Over the years I’ve owned at least three copies of Louise Fitzhugh’s Harriet the Spy. Alison Bechdel probably has, too; she told the New York Times she read it 70,000 times, and I’ve read it at least once a summer since the 80s. Harriet is a middle grade book that’s almost 300 pages, so librarians recommend it to sharp, weird, not-quite-YA girls like I was. We lug it around proudly, and still.
The copy I read now, an original hardback from 1964, has two inscriptions—in 1976, a mother gave it to her kid for Christmas; in Christmas 1990, that daughter gave it to hers.
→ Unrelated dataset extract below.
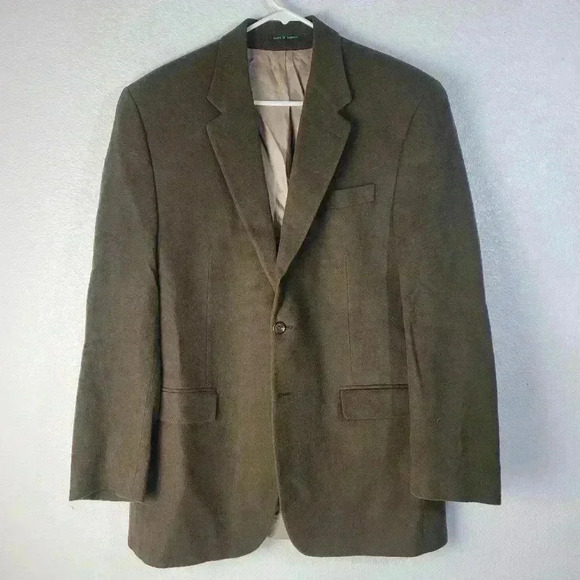 Polo Ralph Lauren Green 100% Camel Hair 2 button Sport Coat Blazer 42L - Picture 1 of 12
On the right, both daughters wrote their names in case the book got lost. It’s sweet to see the girls’ scribble next to their mothers’ steady hands, and what really kills me is how one inscription is to “Cheri Ann, love Mom,” but the name the girl writes in the corner is CHERYL. Clearly Cheryl is someone who would appreciate Harriet M. Welsch, 11-year-old spy.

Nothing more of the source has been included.